WASHINGTON – Employers in the U.S. boosted payrolls in March and the unemployment rate held at 6.7 percent even as more Americans entered the labor force, showing steady progress that will probably prompt Federal Reserve policy makers to continue reducing stimulus while keeping interest rates low.
Payrolls rose 192,000 after a 197,000 gain in February that was larger than first estimated, the Labor Department reported Friday in Washington. The median forecast in a Bloomberg survey of economists projected a 200,000 gain.
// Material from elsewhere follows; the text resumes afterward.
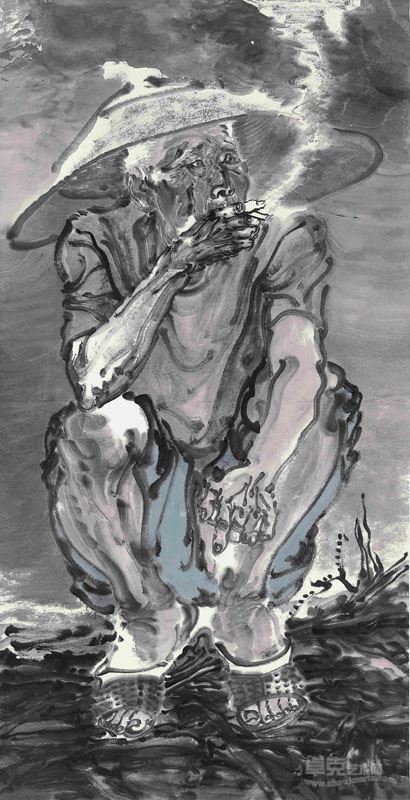 周乾华+《故土之二》69cmX138cm+纸本水墨++2010年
Private employment, which excludes government jobs, surpassed the pre-recession peak for the first time.
Employment in January and February was revised higher, showing the effect on the labor market from inclement winter weather was less severe than previously thought. The gain puts payroll growth in step with the average over the past two years and shows companies are optimistic about the outlook for demand.
“This is a very good report,” said Nariman Behravesh, chief economist at IHS Inc. in Lexington, Mass., and the top payrolls forecaster in the last two years, according to data compiled by Bloomberg. “It looks like we’re back on track.”
Revisions to prior reports added a total of 37,000 jobs to payrolls in the previous two months. The report also showed an increase in hours worked and little change in hourly earnings from February.
Forecasts for March payrolls ranged from increases of 150,000 to 275,000 after a previously reported 175,000 gain a month earlier, according to the Bloomberg survey of 90 economists. Last year, the U.S. added 194,000 jobs each month on average after 186,000 in 2012.
Stocks pared gains, after benchmark indexes rose to all-time highs after the report. The Standard & Poor’s 500 Index advanced 0.1 percent to 1,890.19 at 9:55 a.m. in New York, trimming an earlier advance of 0.5 percent.